My hope is that patriots in Venezuela no matter what side of this debate they’ve been up to this point realize that the time is come to step up and further this process of reconciliation, not with the goal of vengeance or punishment, but with the goal of freeing those who have been imprisoned unjustly, with the goal of having free and democratic elections, with the goal of living up to its constitutional principles, with the goals of restoring democracy to a great people and a great nation. And I know that I for one, despite all my criticisms and all the speeches I’ve given and all the measures we’ve taken, I for one am prepared to do all I can to be helpful in that endeavor, to help the people of Venezuela take control of their destiny once again and restore the democratic order, the constitutional order in a way that unites the country, not further fragments it and divides it.
I know the president has expressed a willingness to be involved in that process, in whatever capacity is appropriate. And knowing that other nations in the region are prepared to lead as well. But I just thought it was important on this 11th day of July as we get closer to that measure which I think will do irreparable harm to this possibility, that I came here to the Senate floor and expressed this. Because in the end I think all of us in this hemisphere and ultimately the world would benefit greatly from a Venezuela that fulfills its potential, the potential of its people, potential of its economy, potential of its proud history of democracy.
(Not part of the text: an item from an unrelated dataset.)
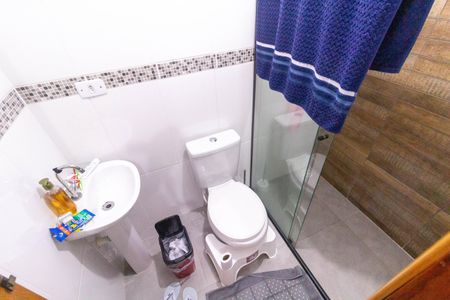 Apartamento à venda com 64m², 3 quartos e 1 vaga Apartamento à venda com 64m², 3 quartos e 1 vagaBanheiro da Suíte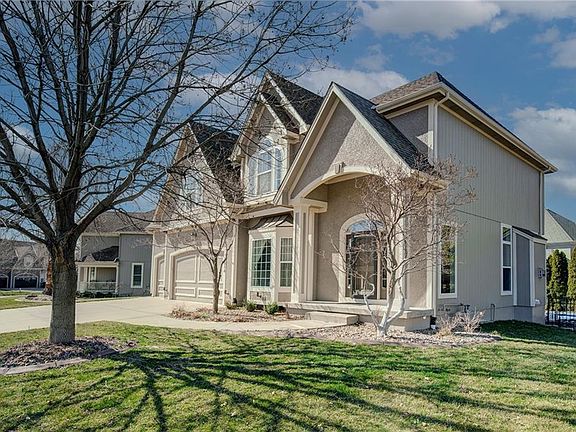 5th image of 2514 Lake Breeze Dr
And whatever we can do to be helpful in that endeavor, I know that this nation is prepared to do it, in whatever capacity is appropriate in the eyes of the people of Venezuela.
But ultimately, the future of Venezuela belongs to the people of Venezuela, and that is who we stand for. And we hope that we can be helpful in a process that brings them together, not further divides them, and restores what they once had and deserve to have again: a proud democracy, a vibrant economy, and a people with extraordinary and unlimited potential to achieve great things on behalf of their nation, their countrymen, and the world.